Yesterday, I guest-hosted a session of #radlibchat on my article about whiteness in the library profession. It was a fabulous discussion.
One of the more common threads that came out of the chat were the fears many white people have about screwing up when getting involved in race work. Several people expressed apprehension about doing the work and making a mess of things. So, I thought I’d take a moment to address some of those fears.
Fair warning: I’m going to say some encouraging things here. But I’m also going to share some hard truths. And it is vitally important that you absorb both if you’re serious about doing this work.
Another note: I’m going to focus on race work and the ways white allies get involved. But the fact is that all of this applies intersectionally, as well. I—as an ally to LGBTQ folks, to poor folks, to disabled folks, etc.—am learning and practicing these lessons.
Truth #1: You are gonna screw up. I guarantee it. No matter who you are, no matter how good your intentions, no matter how careful you are, YOU WILL MAKE A MISTAKE. YOU WILL MAKE MANY MISTAKES. It’s simply a given. You’re going to say the wrong thing and do the wrong thing and make some or many people of color very angry and disappointed and frustrated with you.
Truth #2: This is okay. Just breathe. It’s okay
if you when you mess up. It’s okay if you when you anger the people to whom you are trying to be a good ally. This will happen and you will survive.
Truth #3: You will be hurt. No one likes having someone angry at them. Especially if they’re trying to do something good and right. When you screw up with the people of color around you, you will be very hurt when they get frustrated with you. You will feel defensive and sad and very, very hurt. This is also okay. Because you will be smart and go away to a safe place and share your #whitefeelings and shed your #whitetears with fellow white people who are also doing this work and who can mentor you in your process. You will not unburden your feelings on the people of color to whom you are allied. You will process your feelings in a separate space.

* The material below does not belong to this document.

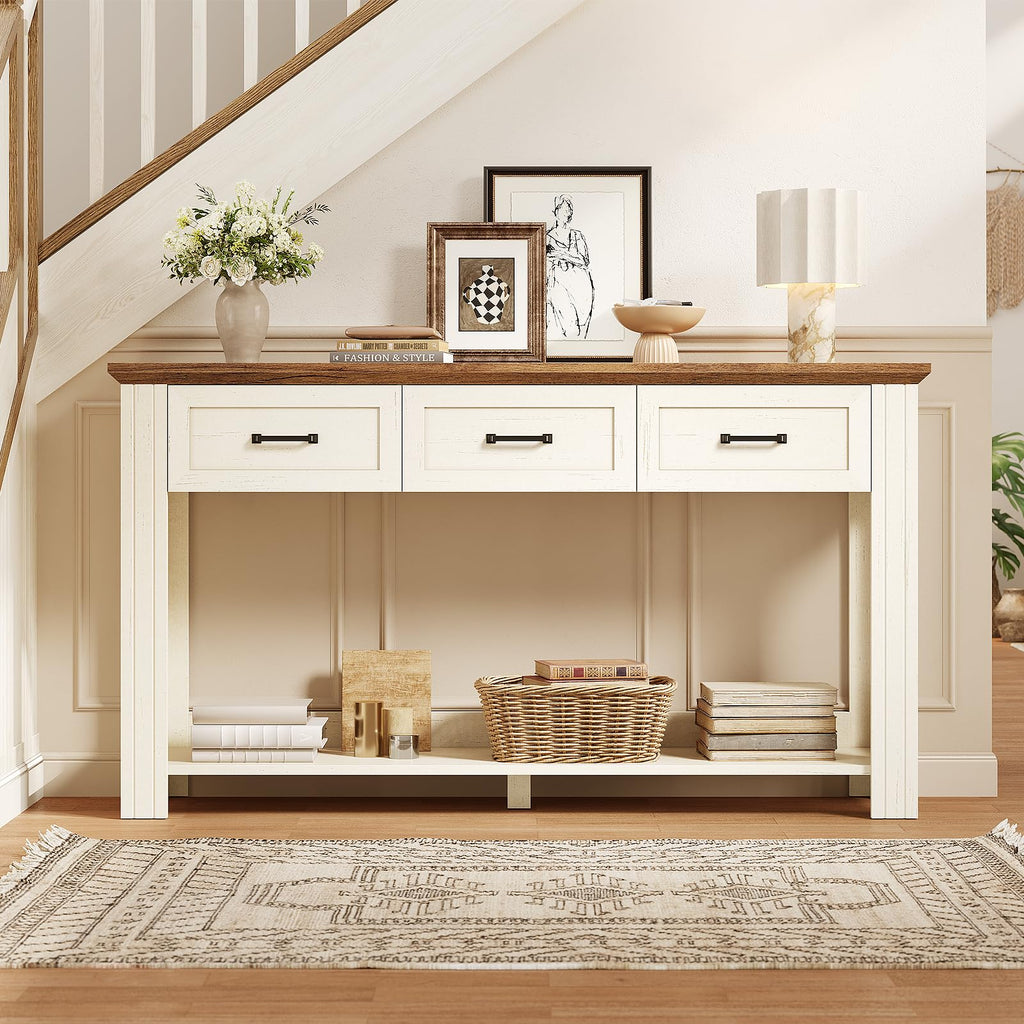 55" Farmhouse Console Table with 3 Drawers, Rustic Entryway Table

Truth #4: You will deserve this anger/hurt/frustration/wrath of the people of color you’ve offended. You messed up. You did something wrong. Even if you didn’t intend to. Even if you have no idea what you did. You did it, and they felt it. Just as your hurt feelings will be perfectly valid because they are yours and they are real, their frustration will be just as valid, just as much theirs, just as real. So even in the midst of your hurt and bewilderment, you will be careful not to dismiss the reality of the people you’ve offended. You will resist the urge to defend yourself, shut your mouth, and listen.
Truth #5: You will learn from your mistakes…if you are serious about this work. Many white people pretend to be serious about antiracism yet ghost the minute things get tough. (And they do get tough. See Truth #7.) But if you’re really serious about doing this work, you will take the initiative and learn from your mistakes. It is YOUR responsibility to learn what you did wrong and what you need to change. Maybe the people of color you offended will be willing to tell you. But don’t assume that is the case. This will be another great opportunity for you to connect with those fellow white folks who are mentoring you through your antiracist process. They can help guide you.

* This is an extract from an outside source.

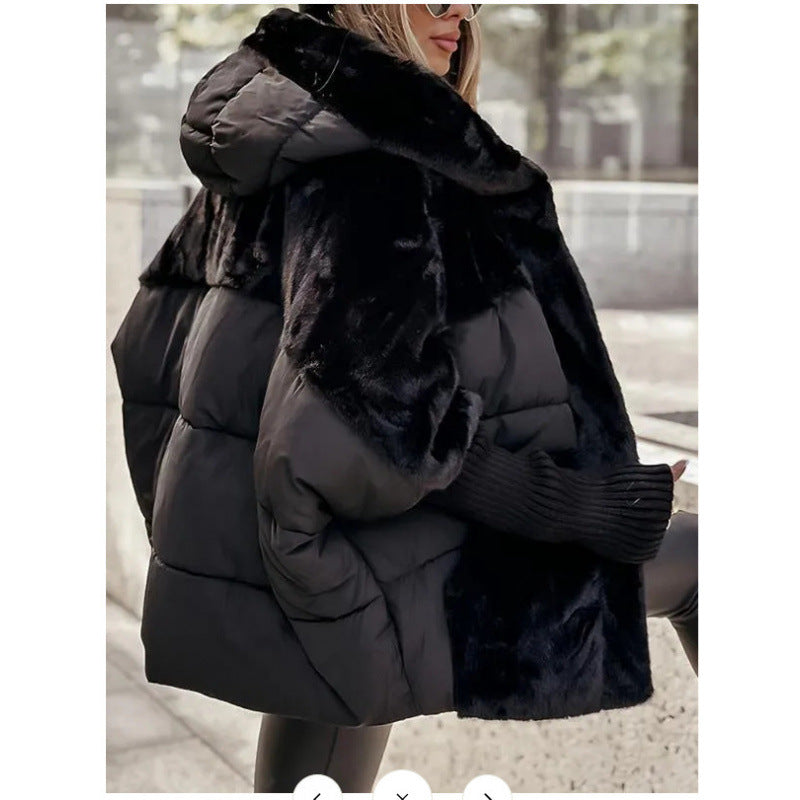 Damska kurtka zimowa puchowa oversized patchwork w kolorze czarnym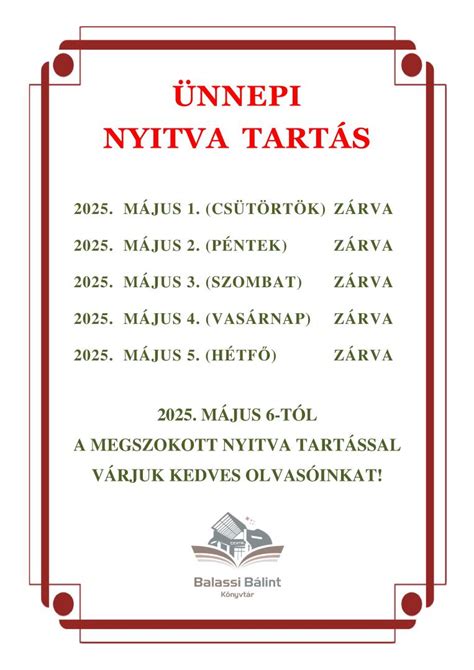 Május 1. ünnepi nyitvatartás infographics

Truth #6: You will experience extraordinary joy and fulfillment. Race work is not easy. The history of racial oppression is ugly and the present is not much better. But the work we all do is vital to the future of our society, and despite whatever mistakes you may make, your contribution as an ally is absolutely crucial. Plus, you will learn and grow in ways you never dreamed possible. You will interact and bond with people whom you, in your lily white life to this point, never imagined. You will help to build a more just society, and you will never be the same because of it.
Truth #7: But as you can see, this work is not for the faint of heart. To borrow a scene from the Christian Bible: When Jesus gathered together the disciples, Jesus said (April paraphrase), “Hey, if you wanna be down, you have to take up your cross and follow me. This is NOT gonna be easy.” It’s the same for race work. In order to experience that growth and fulfillment, you’re going to have to get down and dirty. You are going to be challenged beyond what you think you can bear. You are going to have the comfy warmth of your white privilege and ignorance stripped away and laid bare in all its ugly truth. You’re going to be made really uncomfortable, and yes, you’re going to get your feelings hurt. (Remember Truth #3?)
So, knowing all this, are you still up for the challenge? I sincerely hope so. Because the Struggle is real out there and we need you.